** Given data **

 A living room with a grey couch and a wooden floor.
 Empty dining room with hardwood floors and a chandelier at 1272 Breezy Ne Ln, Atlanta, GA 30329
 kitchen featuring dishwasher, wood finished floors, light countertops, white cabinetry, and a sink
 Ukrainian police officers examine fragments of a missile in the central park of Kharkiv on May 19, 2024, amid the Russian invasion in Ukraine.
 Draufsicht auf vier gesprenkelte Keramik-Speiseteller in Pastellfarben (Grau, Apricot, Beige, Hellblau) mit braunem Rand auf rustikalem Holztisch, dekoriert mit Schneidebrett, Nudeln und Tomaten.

...

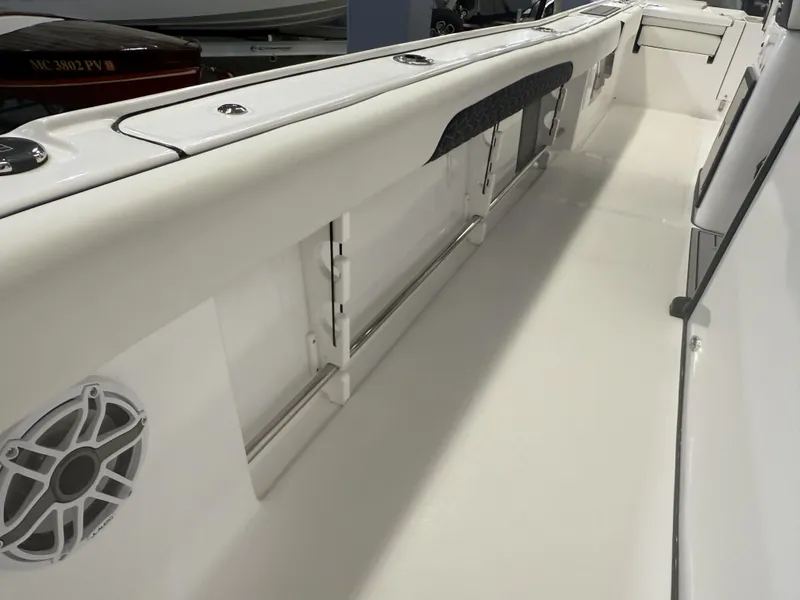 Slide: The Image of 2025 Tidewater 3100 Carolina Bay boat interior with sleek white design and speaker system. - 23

** Task details **
Start with the line above that contains "A living room" and end with the line that contains "Draufsicht auf vier". Write out those lines exactly, and only those.

** Response to this exercise **
 A living room with a grey couch and a wooden floor.
 Empty dining room with hardwood floors and a chandelier at 1272 Breezy Ne Ln, Atlanta, GA 30329
 kitchen featuring dishwasher, wood finished floors, light countertops, white cabinetry, and a sink
 Ukrainian police officers examine fragments of a missile in the central park of Kharkiv on May 19, 2024, amid the Russian invasion in Ukraine.
 Draufsicht auf vier gesprenkelte Keramik-Speiseteller in Pastellfarben (Grau, Apricot, Beige, Hellblau) mit braunem Rand auf rustikalem Holztisch, dekoriert mit Schneidebrett, Nudeln und Tomaten.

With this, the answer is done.